But when Hackberry grabbed the shaft of the cross, he recoiled from the heat in the wood.
“Sheriff?” R.C. said.
“What?”
“He’s gone.”
“No, the wounds aren’t mortal.”
“Look above his rib cage. Somebody wanted to make sure he was dead. Somebody shot nails into his heart,” R.C. said.
The flashlights of the firemen jittered and cut angles through the darkness and smoke, the rain spinning down through the hole in the ceiling. “Nobody from around here could do something like this,” one of the firemen said.
“Not a chance, huh?” Hackberry said.
“No, this kind of thing don’t happen here,” the fireman said. “It took somebody doped out of his mind to do this. Like some of those smugglers coming through Miss Ling’s place every night.”
“Shut up,” Anton Ling said.
“If they didn’t do it, who did? ’Cause it wasn’t nobody from around here,” the fireman said.
“Give us a hand on this, bud. We need to get Reverend Daniels off these nails and onto a gurney. You with me on that?” Hackberry said to the fireman.
Outside, fifteen minutes later, Hackberry watched two paramedics zip a black body bag over Cody Daniels’s face. The coroner, Darl Wingate, was standing two feet away. The rain had almost quit, and Darl was smoking a cigarette in a holder, his face thoughtful, his smoke mixing in the mist blowing up from the valley.
“How do you read it?” Hackberry said.
“If it’s any consolation, the victim was probably dead when the nails were fired into his rib cage. Death probably occurred from cardiac arrest. The main reason crucifixion was practiced throughout the ancient world was that it was not only painful and humiliating but the tendons would tighten across the lungs and slowly asphyxiate the victim. The only way he could prolong his life was to lift himself on the nails that had been driven through his feet or ankles. Of course, this caused him to increase his own torment a hundredfold. It would be hard to invent a more agonizing death.”
“I’d like to believe this poor devil didn’t go through all that, that he died early,” Hackberry said.

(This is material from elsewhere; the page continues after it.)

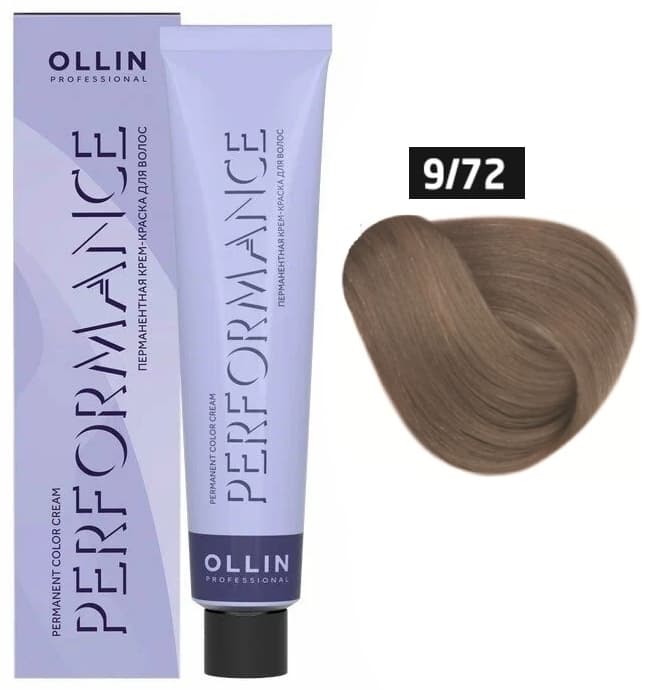 OLLIN PERFORMANCE  9/72 блондин коричнево-фиолетовый 60мл Перманентная крем-краска для волос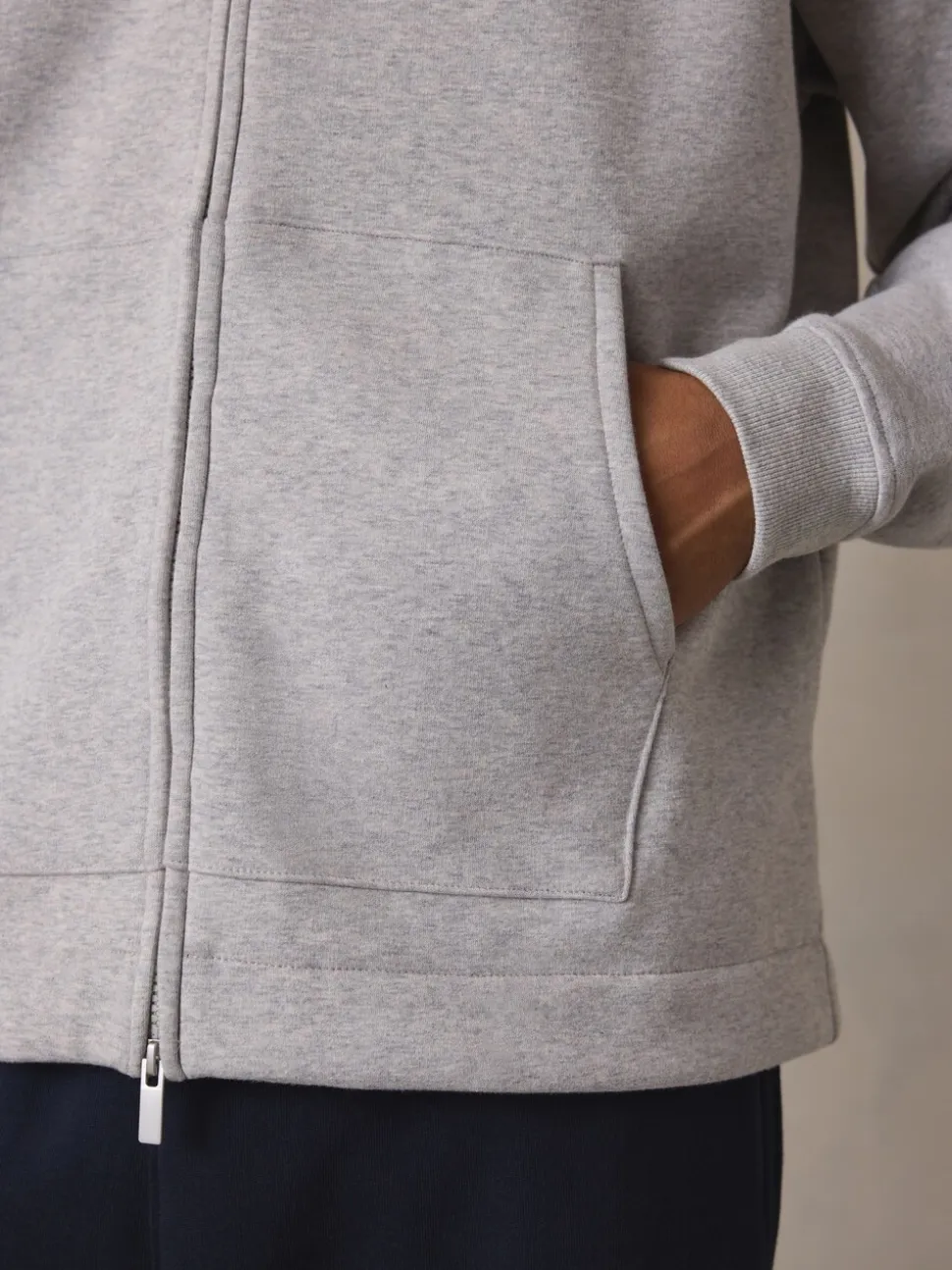 Slate Grey Velour Lined Zip Through Hoodie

“Maybe that’s the way it went down, Hack,” Darl said, his eyes averted. “Did you know I got a degree in psychology before I went to med school?”
“No, I didn’t.”
“I wanted to be a forensic psychologist. Know why I went into medicine instead?”
“No, I don’t,” Hackberry said, his attention starting to wander.
“Because I don’t like to put myself into the minds of people who do things like this. I don’t believe this was done by a group. I think it was ordered by one guy and a bunch of other guys did what they were told,” Darl said.
“Go on.”
“The guy behind this feels compelled to smear his shit on a wall.”
“Are you thinking about Krill?”
“No. The perp on this one has a hard-on about religion.”
“How about Temple Dowling?”
“Stop it. You don’t believe that yourself.”
“Why not?”
“Dowling is inside the system. He’s not a criminal.”
“That’s what you think.”
“No, the problem is the way you think, Hack. You’d rather turn the key on a slumlord than a guy who boosts banks. You’ve also got a grudge against Dowling’s father.”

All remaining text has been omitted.